◆ Your goal:
An exact transcription of all the data is required; the pictures are to be left out.

◆ Dataset section:
· · · ·

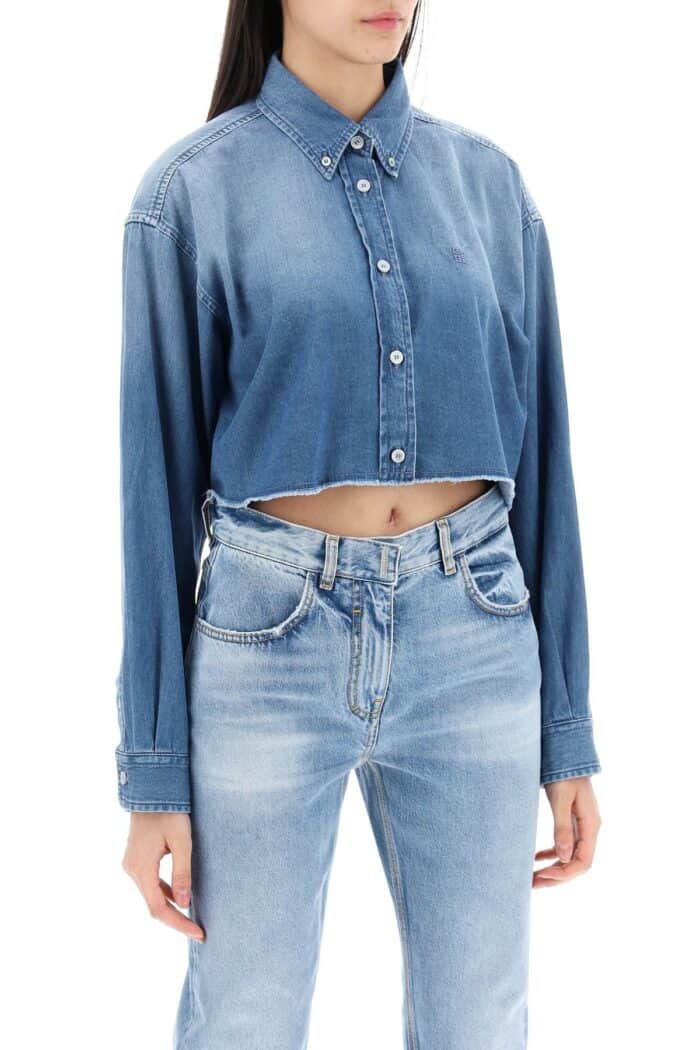 GIVENCHY Denim Cropped Shirt For Women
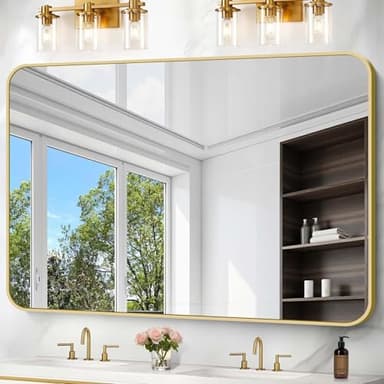 CIVENO 55"x36" Gold Bathroom Mirror, Large Rectangle Mirror, Rectangular Wall Mirror, Rounded Corner Vanity Mirror with Aluminum Metal Frame for Bathroom Bedroom Living Room Horizontal/Vertical - Image 2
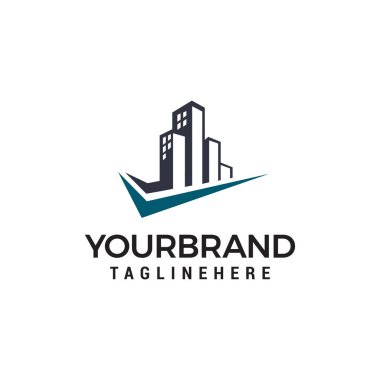 şehir bina onay işareti logo tasarım kavramı şablon vektör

· · · ·

◆ Result of this task:
 GIVENCHY Denim Cropped Shirt For Women
 CIVENO 55"x36" Gold Bathroom Mirror, Large Rectangle Mirror, Rectangular Wall Mirror, Rounded Corner Vanity Mirror with Aluminum Metal Frame for Bathroom Bedroom Living Room Horizontal/Vertical - Image 2
 şehir bina onay işareti logo tasarım kavramı şablon vektör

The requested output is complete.